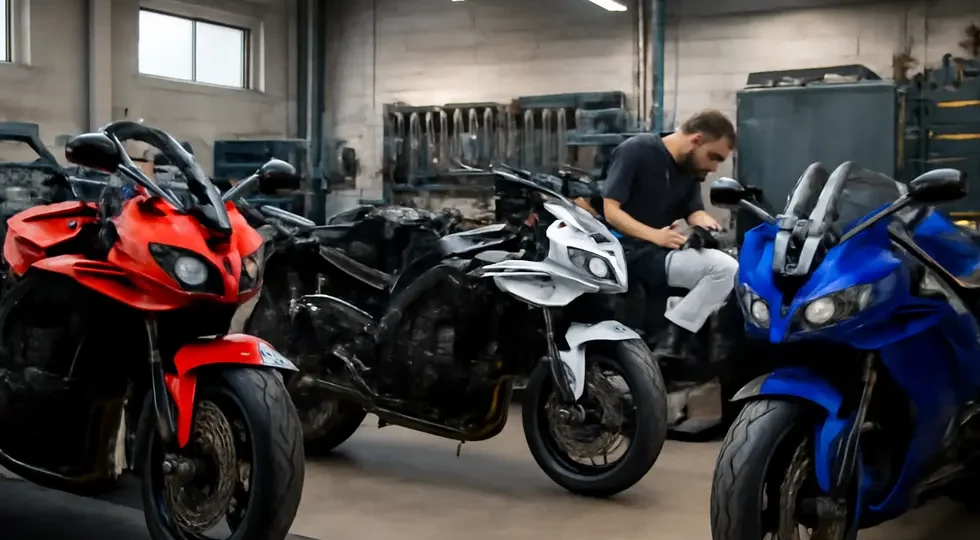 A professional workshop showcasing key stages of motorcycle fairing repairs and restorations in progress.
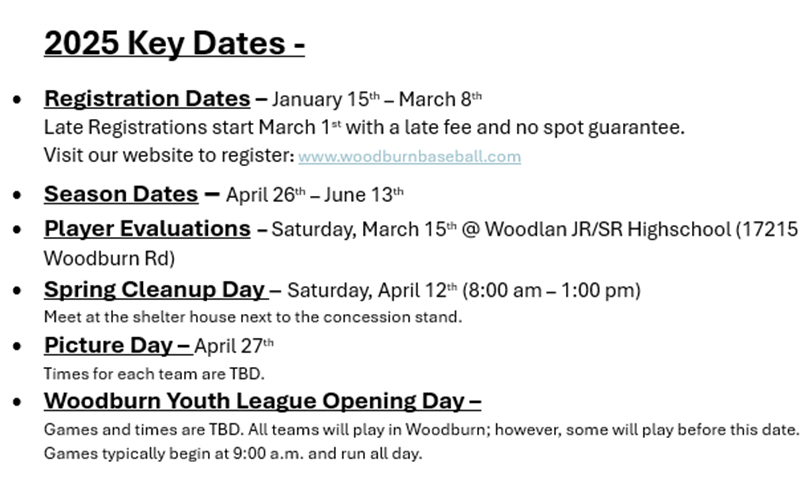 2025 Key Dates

==

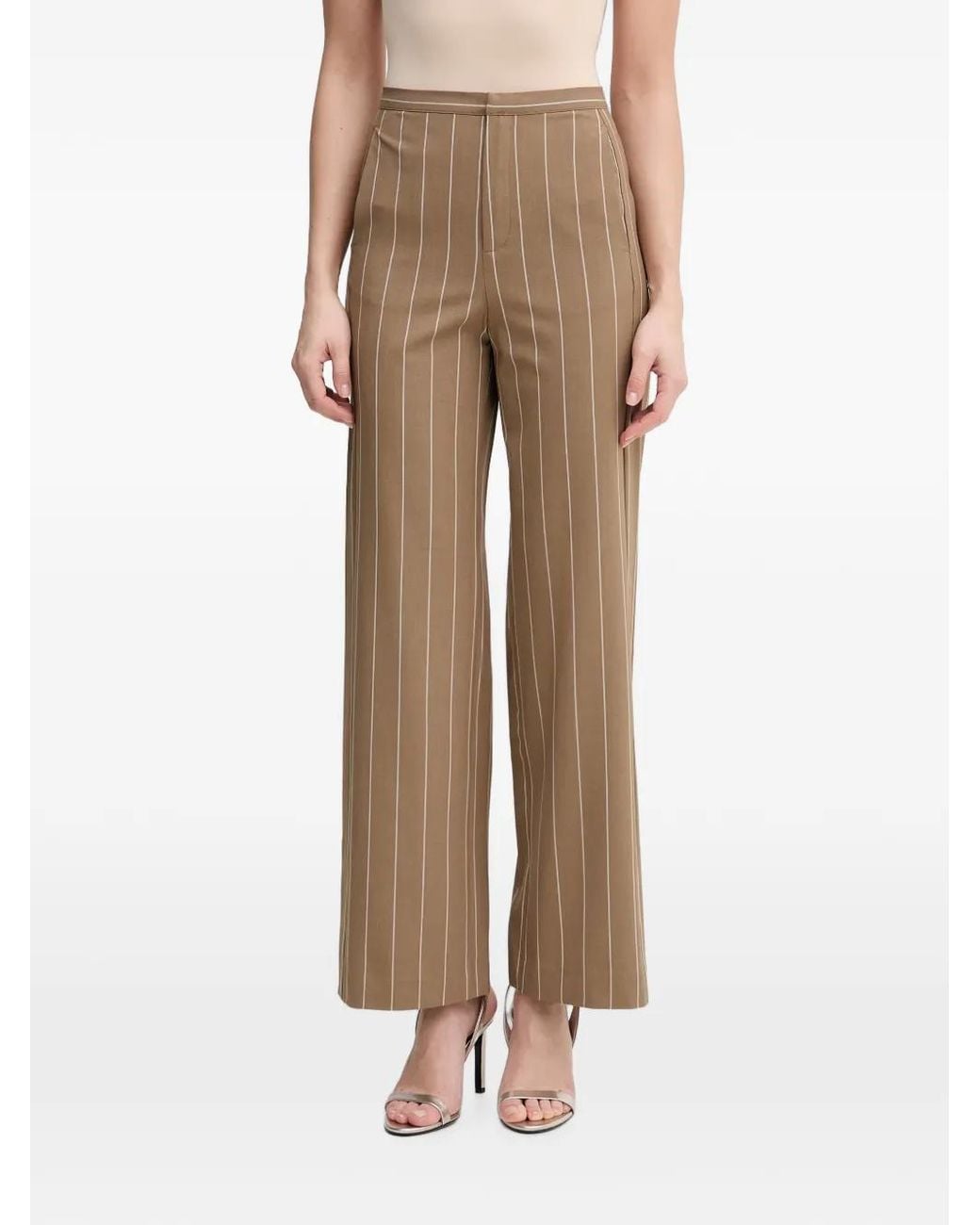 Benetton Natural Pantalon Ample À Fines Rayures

Activity:
Leaving pictures out, output the lines of the data above from the one with "A professional workshop" through the one with "2025 Key Dates", word for word.

Result:
 A professional workshop showcasing key stages of motorcycle fairing repairs and restorations in progress.
 2025 Key Dates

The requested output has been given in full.